マシンのオーナーである平井友啓選手を始め、福岡大学新入生の4人組で参戦。学生自動車連盟の大会への参戦に必要な国内B級ライセンス取得のためにエントリーした。平井選手は「Bライセンスが欲しくて参加しました。オートテストを初めて走ってとても気持ち良かったです。横転しないように頑張りました。これから競技中心の生活にしていきたいですね」と初完走の想いを語ってくれた。また工学部の杉野巧馬選手は「とても気持ち良かったです。1週間前にスイフトスポーツが納車されたんですが、ちょっと怖かったんで平井選手のクルマを借りました(笑)」とコメント。中島晃輔選手は「僕もライセンス取得のために参加しました。アルトワークスを購入したので、次は自分のクルマでいろいろ走り回りたいですね」と希望を語る。最後に唯一の文系・山本英巨選手は「自分のロードスターがあるんですが、今日は借りものの車両で参加しました。ちょっと片側が浮いてしまいましたが、良い感じで走れました。これからドリフトにも参戦したいと思います」と走行後の感想と思い思いに語ってくれた。

C&Cレーシング所属の田中知香選手と柴山隼選手

ジムカーナでも活躍するC&Cレーシングに所属するふたり。来年からJAF戦に参戦すべくBライセンスを取得するためにこのオートテストに参加した。柴山隼選手は「楽しかったです。思った通りになかなか走れず難しかったですね」と感想を述べた。一方、田中知香選手は「来年はこのスイフトでジムカーナに参戦しようということになったので、ライセンスを取得するために参加しました。すごく楽しみです」と来年への希望をのせたコメントを語った。

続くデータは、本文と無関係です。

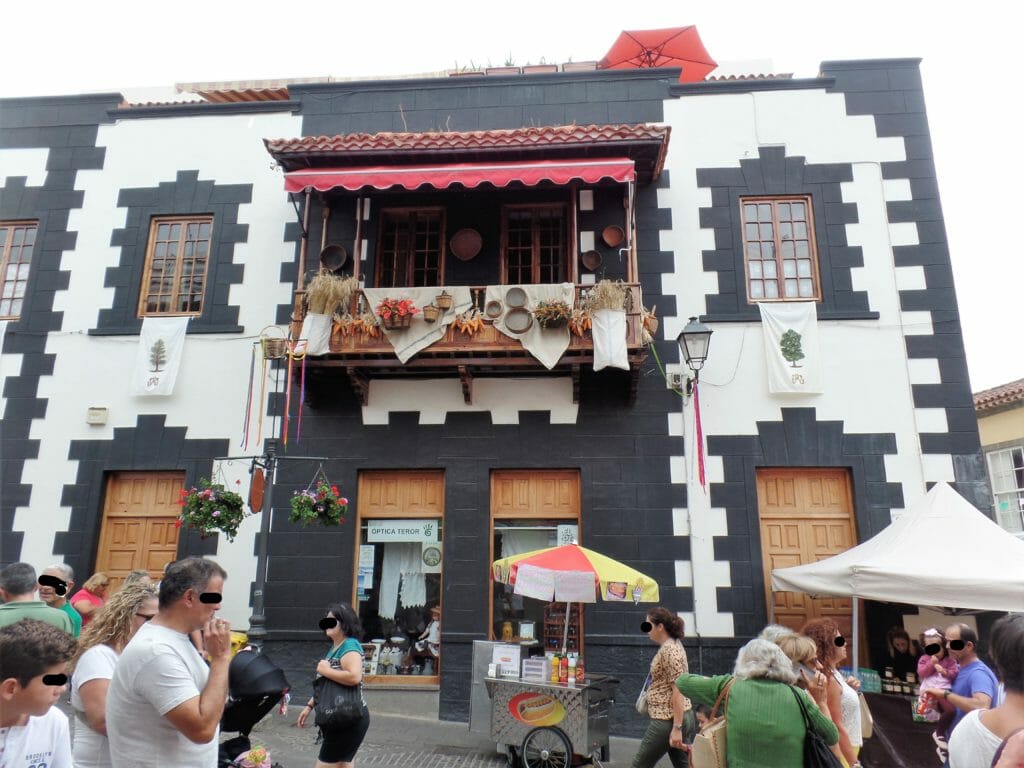 Sonntag ist Markttag in Teror 3 Alt Kanarisches Haus mit Balkon Teror Gran Canaria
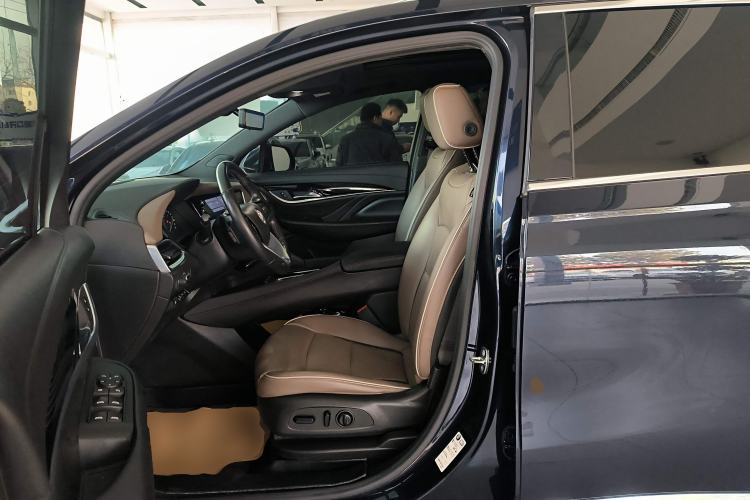 Used Buick Enclave 2022 652T 4x4 Prestige Flagship 7-Seater Left Front Seat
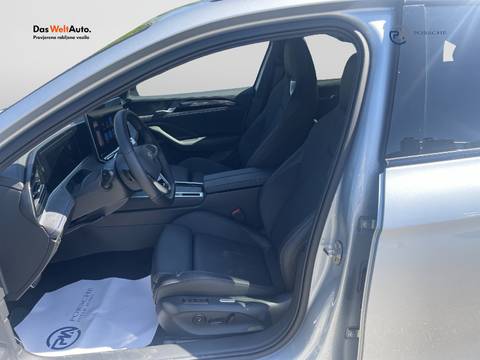 2026 Volkswagen Passat R-Line — sličica 9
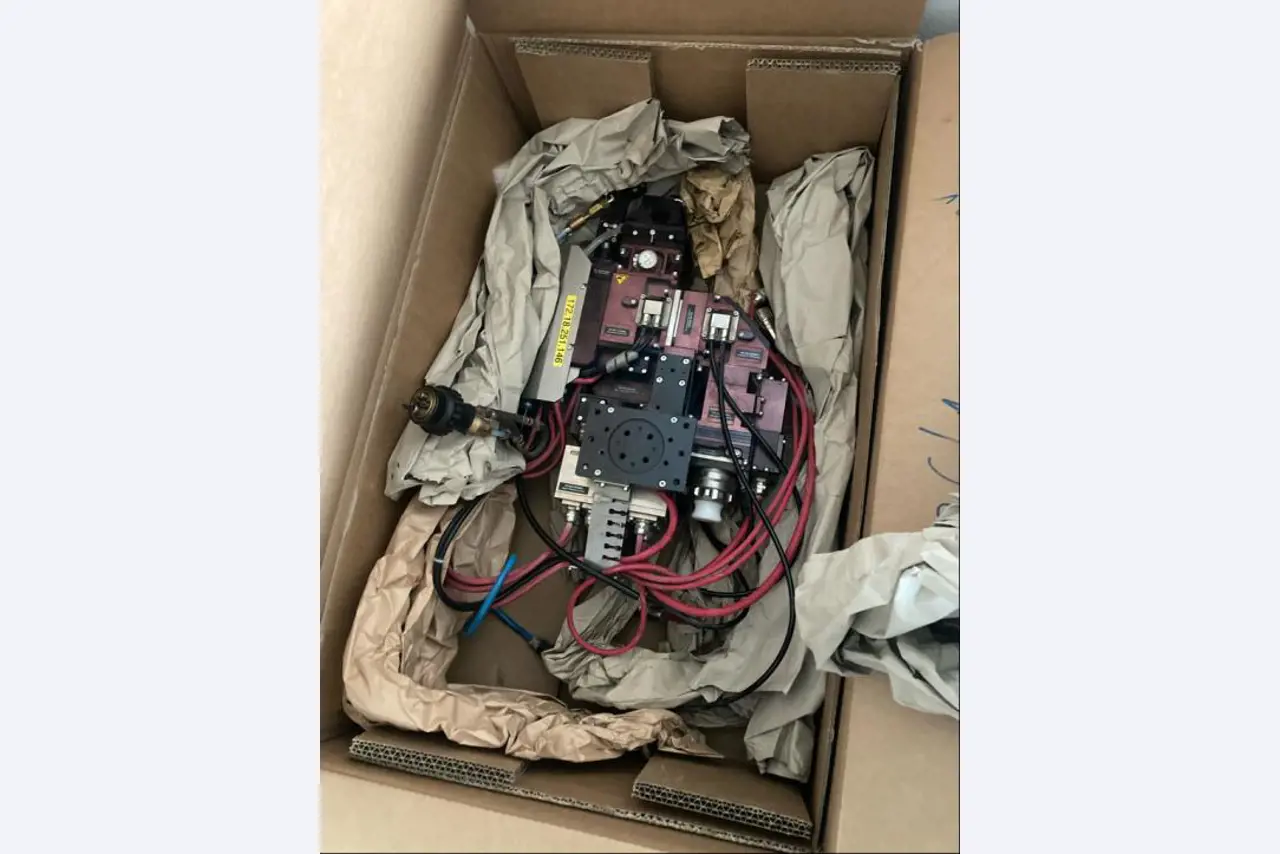 Maquinaria (construcción de vehículos) y equipos de explotación y oficina-6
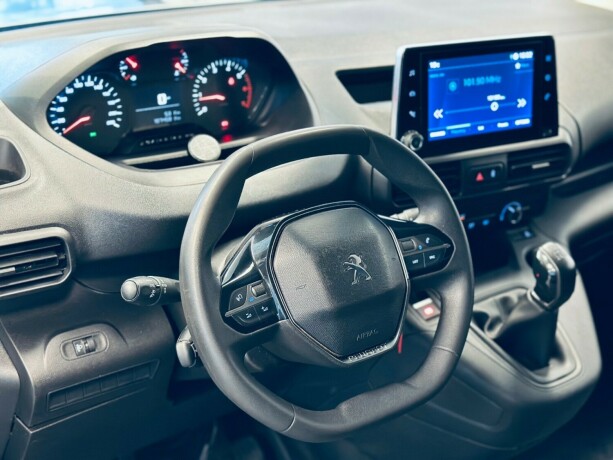 peugeot-partner-diesel-2019-big-9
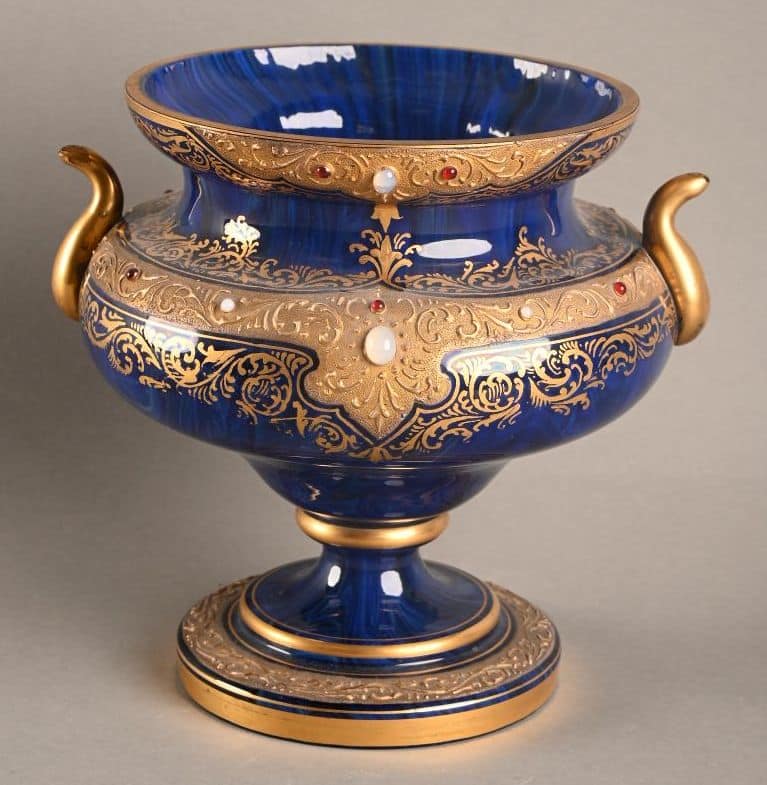 Jardinière en verre bleu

 大会を終えたオーガナイザーの寺田泰浩氏は「今までのオートテストは福岡県が中心で、エントラントはちょっと少なかった気がします。今回は初心者の方が多く参加してくれたようで、新規参入の方が見られたのはうれしいポイントでした。学生の皆さんもそうですが、コロナ禍を経て人が戻ってきたことを実感しています」

「今回はミスコースが少なくなるようなレイアウトを心がけました。昨年までは恋の浦で開催していて、30秒くらいのコースだったんですが、今大会は40秒を超えるロングコースで走り応えがあったと思います。そして、いつもよりは随分ダイナミックなコースレイアウトにしたのも特徴的だったと思います」

「車庫入れはいつも通りで、最後はラインをまたいでのゴールがマストです。九州ではフライングフィニッシュは『止まる』ということを意識してもらいたいので、以前からずっとゴールはこのスタイルなんです」

「九州は各支部や各クラブが持ち回りでオートテストを開催しているので、今後はシリーズ化したいですね。定期的に開催できる場所を確保してきているので、しっかり形にしていきたいです」とコメントを残してくれた。これからも九州地区のオートテストの発展から目が離せそうにない。

九州および沖縄地区のオートテストの立ち上げから関わってきた寺田泰浩氏。